All are under contract for at least the next two seasons.
However, forward Ryane Clowe will be a free agent after this season. He is scheduled to make $3.625 million in 2012-13.
Don't expect Clowe to be back with the Sharks next year.
F Andy McDonald, St. Louis Blues
Andy McDonald has one year remaining on a contract that will pay him $4.7 million in 2012-13.
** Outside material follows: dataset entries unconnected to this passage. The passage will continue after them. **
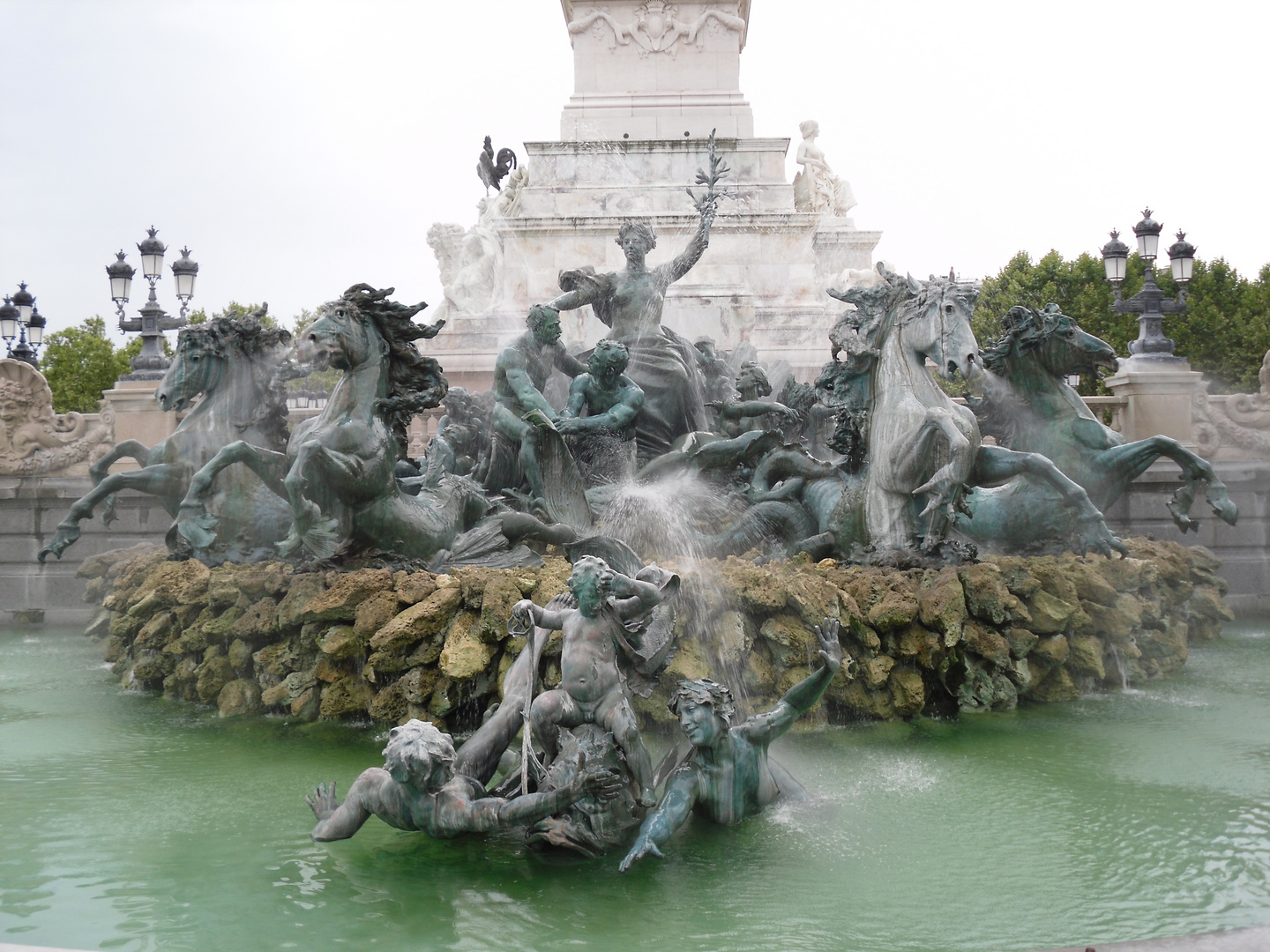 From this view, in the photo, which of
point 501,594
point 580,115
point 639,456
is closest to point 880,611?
point 501,594

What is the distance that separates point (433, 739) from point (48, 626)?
9.63 m

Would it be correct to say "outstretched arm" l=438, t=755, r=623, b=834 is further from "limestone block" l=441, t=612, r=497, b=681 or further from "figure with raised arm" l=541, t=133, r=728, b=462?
"figure with raised arm" l=541, t=133, r=728, b=462

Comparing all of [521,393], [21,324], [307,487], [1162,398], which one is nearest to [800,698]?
[307,487]

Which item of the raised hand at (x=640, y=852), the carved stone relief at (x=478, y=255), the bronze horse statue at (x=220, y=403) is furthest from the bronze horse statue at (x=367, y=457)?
the carved stone relief at (x=478, y=255)

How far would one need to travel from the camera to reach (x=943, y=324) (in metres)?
7.03

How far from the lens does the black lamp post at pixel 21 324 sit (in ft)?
60.2

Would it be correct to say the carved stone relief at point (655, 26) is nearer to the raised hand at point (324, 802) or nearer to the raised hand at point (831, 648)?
the raised hand at point (831, 648)

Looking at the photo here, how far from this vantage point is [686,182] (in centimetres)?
1557

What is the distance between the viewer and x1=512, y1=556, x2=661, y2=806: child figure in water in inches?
165

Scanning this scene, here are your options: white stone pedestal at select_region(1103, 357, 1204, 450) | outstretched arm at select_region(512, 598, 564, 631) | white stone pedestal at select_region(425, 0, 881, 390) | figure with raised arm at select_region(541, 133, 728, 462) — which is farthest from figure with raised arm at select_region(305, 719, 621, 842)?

He will be a free agent at the end of the season. It will be difficult for the Blues to bring him back.
Even though McDonald missed the majority of the 2011-12 season, he has plenty of speed and quickness. He may have a big year that will make him attractive, but his price tag will be too expensive for the Blues.
F Benoit Pouliot, Tampa Bay Lightning
Benoit Pouliot was traded by the Boston Bruins to the Lightning at the end of the 2011-12 season.
He will be a restricted free agent at the end of the 2012-13 season. He is scheduled to earn $1.8 million this year.
Pouliot has size, strength, skating skills and a big shot, but he has not become a consistent player. Unless he turns his talent into consistent production, the Lightning will almost certainly let him go.
F Tim Connolly, Toronto Maple Leafs
Few players are as overpaid as Toronto's Tim Connolly. He has failed to score more than 18 goals at any point in his career, yet he is going to earn $4.75 million in 2012-13.
It was hard to justify Connolly's salary when the salary cap was $70.2 million per team. However, it would be shocking if the Leafs or any team would pay that much money for him in 2013-14 when the cap is down to $60 million.
The Leafs will almost certainly let him go at the end of the year.
F Manny Malhotra, Vancouver Canucks
Manny Malhotra is the kind of player who can help any team win games.
He is one of the best faceoff men in the league. He is tough, smart and resilient.
Malhotra is not a star, but he will receive $2.5 million in salary in 2011-12. The Canucks have committed big money to Daniel Sedin, Henrik Sedin, Ryan Kesler and Kevin Bieksa, so they are going to have to make some cuts.
It seems likely that Malhotra will be one of the players on the outside looking in during the 2013-14 season.
F Mike Ribeiro, Washington Capitals
Mike Ribiero is a slippery player who can create magic at time when he has the puck on his stick.
He is quick, elusive and clever.
However, he will earn a $5 million salary in 2012-13. Ribiero scored 18 goals for the Dallas Stars last year, and he scored 19 each of the two previous seasons.
Ribiero makes more money than he should. The Caps will not be able to justify paying him that salary after his contract ends following the end of the season.
F Nik Antropov, Winnipeg Jets
Nik Antropov is a big forward who does not always play to his size.
He should be able to command the slot in front of the net, but he does not always play with enough grit and fervor.
The 6'6", 245-pound Antropov scored 15 goals for the Jets last year, and that followed a 16-goal season the year before.
Antropov is in in the final year of a contract that pays him $4.06 million per season. The Jets are not going to be able to justify bringing Antropov back at that price.